Lu: I don't have to be a Jeebus Nazi. Pope Benny already holds that distinction. Cheers Pal!!

Lu' said...

You know I meant Jeebus Nazi as in soup...Right?

Schmoop said...

Lu: Yes dear. However, I took your comment and pivoted to somewhere else. Anything to take a shot at Benny. Cheers Lu!!

Phfrankie Bondo said...

..."When you control the mail you control...information!".

Schmoop said...

Phfrankie: Ha. I watch two reruns every night at 11:30 and Midnight. They never get old. Cheers P-Man!!

Phfrankie Bondo said...

"The two virgins left out of the Apostolic mix ran off to the Garden of Gethsemane and had hot lesbian sex. Later that summer, they took lyre lessons, went on tour, and originated Lilith Fair."

Now, THAT'S phfunny!...

Schmoop said...

Phfrankie: Ha. Yeah, the post wasn't the best, but that was my favorite line as well. Thank You. Cheers!!

Lu' said...
This comment has been removed by the author.
Vinny "Bond" Marini said...

I knew Wednesday's were Prince Spaghetti Days, but I never realized Tuesday's were hot oil and virgins Days

Dianne said...

Poor Newman - he truly needs to be saved

Schmoop said...

Bond: It is just that. And...Enagaging in sex with an oiled up Mediterranean Area virgin is like eating a soft, curvy, human form of Bruschetta. Yummmm. Cheers Vinny!!

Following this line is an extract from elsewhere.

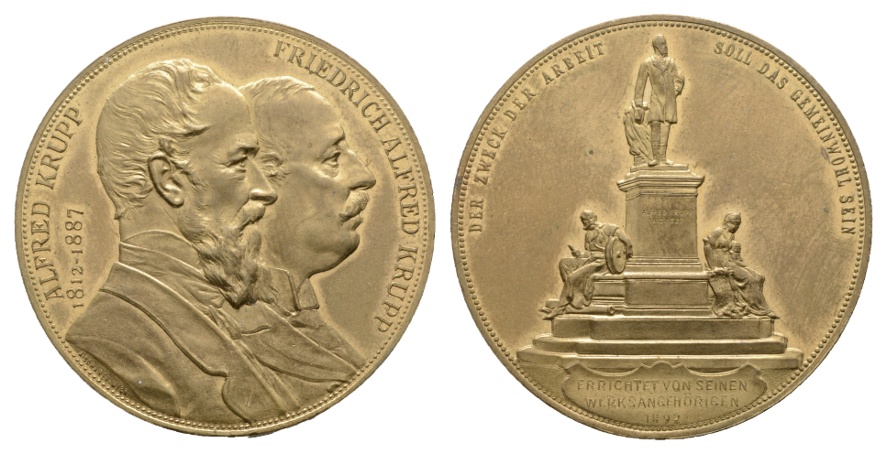  Medaille; Krupp 1892; vergoldete Bronze;  36,54 g; Ø 42,38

Dianne: Alas, I think Newman is beyond saving. Have you looked into his eyes? It's pure evil. Cheers Sexy!!

Michele said...

Darlin' your take on the gospels are wonderfully inventive.

MysteryChick said...

That gave me a great idea for the bachelorette party I'm going to on Friday night. Thanks!

Schmoop said...

TB: Just a few days away!! Cheers!!

Michele: Why thanks. I try to keep things as accurate as I can. Cheers Michele!!

Chick: You are more than welcome. Can I come? Cheers Chick!!

katherine. said...

it's only Tuesday?

Thomas doubting
Peter denying
Judas kissing

what else is coming?

katherine. said...

there is a jesus joke about peter being simonized and the the zealots...but I can't remember the punchline.

Schmoop said...

Kat: I am currently working on discussing a number of things that will be up before midnight. Including Passover!! Boo Yah.

Find that joke...It sounds funny. Cheers Kat!!

Cinnamon Girl said...

WTF, I missed an entire post?! Jeeeebus I am tired. Actually I know I am cause now I have this horrid mental picture of the Virgin of Guadalupe with Seinfelds face. Oy

Schmoop said...

Starr: Well, there is good naked and bad naked. Cheers!!